The soil of Japan is not hospitable to the bent grasses on which golf is traditionally played in Britain and the U.S. A tough native grass called "Korai" has been commonly used, but this is stiff and prickly when mowed close, and leading foreign golfers often complained about the Korai greens when they visited Japan. As the nation began to care more about golf, it became sensitive to the annoyance of heroes like the great Sam Snead. At considerable expense, the leading courses, such as Yomiuri, built two greens for each hole, one of Korai for day-to-day use and one of imported bent for special occasions. Needless to say, Yomiuri's bent greens will be used for the Canada Cup.
It is alarming to contemplate what effect the coming Canada Cup matches could have on Japanese golf, for the present golf boom dates from the first appearance of this event in Japan in 1957. On that occasion, the Japanese watched the players on TV more out of curiosity than interest. To their immeasurable surprise and pleasure, they saw their own team—made up of Pete Nakamura and Koichi Ono—defeat all of the foreign invaders, including the heavily favored Americans, Snead and Jimmy Demaret. It was a moment comparable to that faraway day in 1913 at Brookline, Mass. when Francis Ouimet, the unknown young Bostonian, beat Harry Vardon and Ted Ray in a playoff for the U.S. Open Championship and thereby started the transformation of golf from a rich man's luxury to everyman's sport.
It is not very likely that a Japanese team could win on its home ground in 1966, but it wasn't conceivable in 1957, either. One of their two players, 28-year-old Hideyo Sugimoto, is large for a Japanese at 5 feet 11 and is regarded as his country's biggest hitter. He has never done too well abroad, but he was the Japanese Open champion in 1964, and he has the distinct advantage of playing at Yomiuri, where he is the head pro. His teammate, 24-year-old Mitsutaka Kono, is on the slight side and only 5 feet 6, but he has won the Japanese PGA championship for the past two years and can be extremely dangerous when his somewhat erratic game is at its peak. And the course itself will cut down the normal advantage that long-hitting foreigners might have. At 6,962 yards it is not overly long, and it has many treacherous slopes and areas where the wind, unfelt on the tee, will suddenly grab at the ball over an exposed section of fairway.
Nonetheless, the favorites will be the American entry of Jack Nicklaus and Arnold Palmer. Off his recent victory at the Sahara in Las Vegas, Nicklaus is obviously playing well again after some shaky golf in the early fall. He has the added incentive of wanting to regain the International Trophy for individual play, which he won at Paris in 1963 and Hawaii in 1964 but lost to South Africa's Gary Player at Madrid in last year's matches.
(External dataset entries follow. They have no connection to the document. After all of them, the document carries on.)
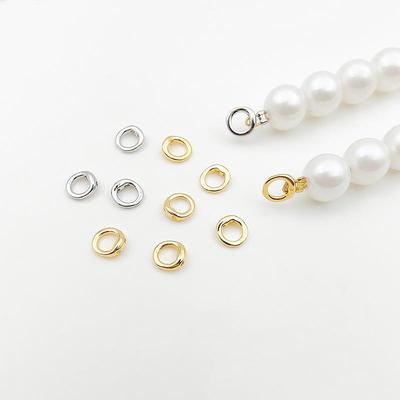 Gilded Double-Hole Jump Ring for DIY Jewelry - Strong Color Retention, Ideal for Pearl Bracelets & Necklaces.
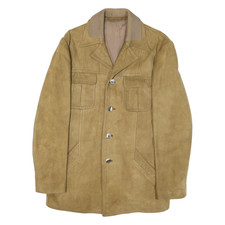 Herren Beige Leder Coach Jacke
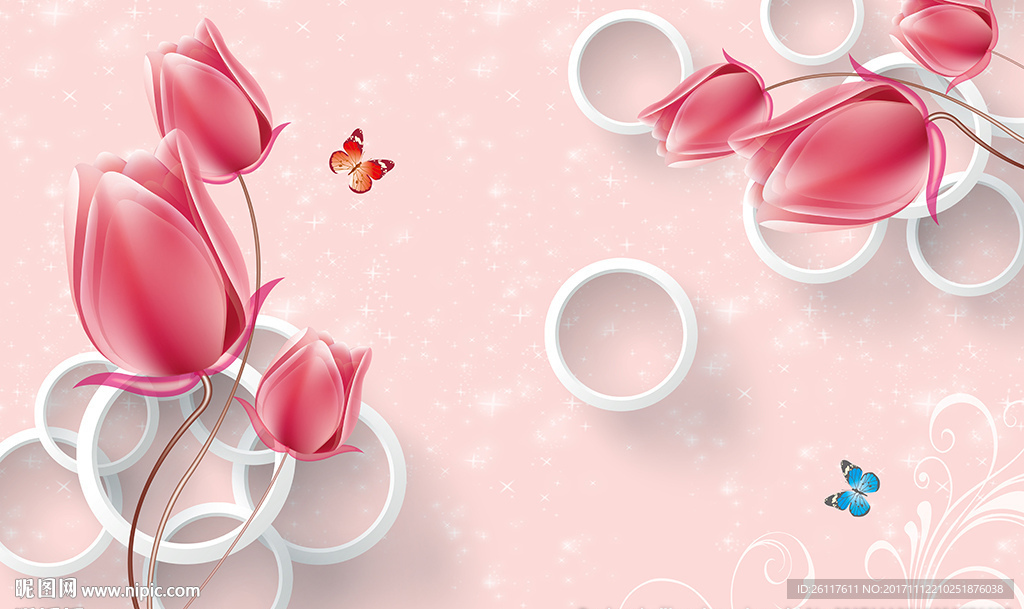 梦幻郁金香简约圈圈电视背景墙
Palmer's incentive is somewhat different. By rights, his place on the team should belong to Bill Casper, who is not only the current U.S. Open champion but also the leading money-winner of the PGA tour. Palmer is as aware of this as everyone else, and he will be especially anxious next week to justify his selection. Not only that, but in four previous appearances on the U.S. Canada Cup team—more than any other American except Snead—he has never won the International Trophy. Such a victory at this stage in the year would do wonders for Arnold's morale. His Australian Open win a week ago was his first since the Tournament of Champions last April, and he is still smarting from his debacle in the U.S. Open at San Francisco.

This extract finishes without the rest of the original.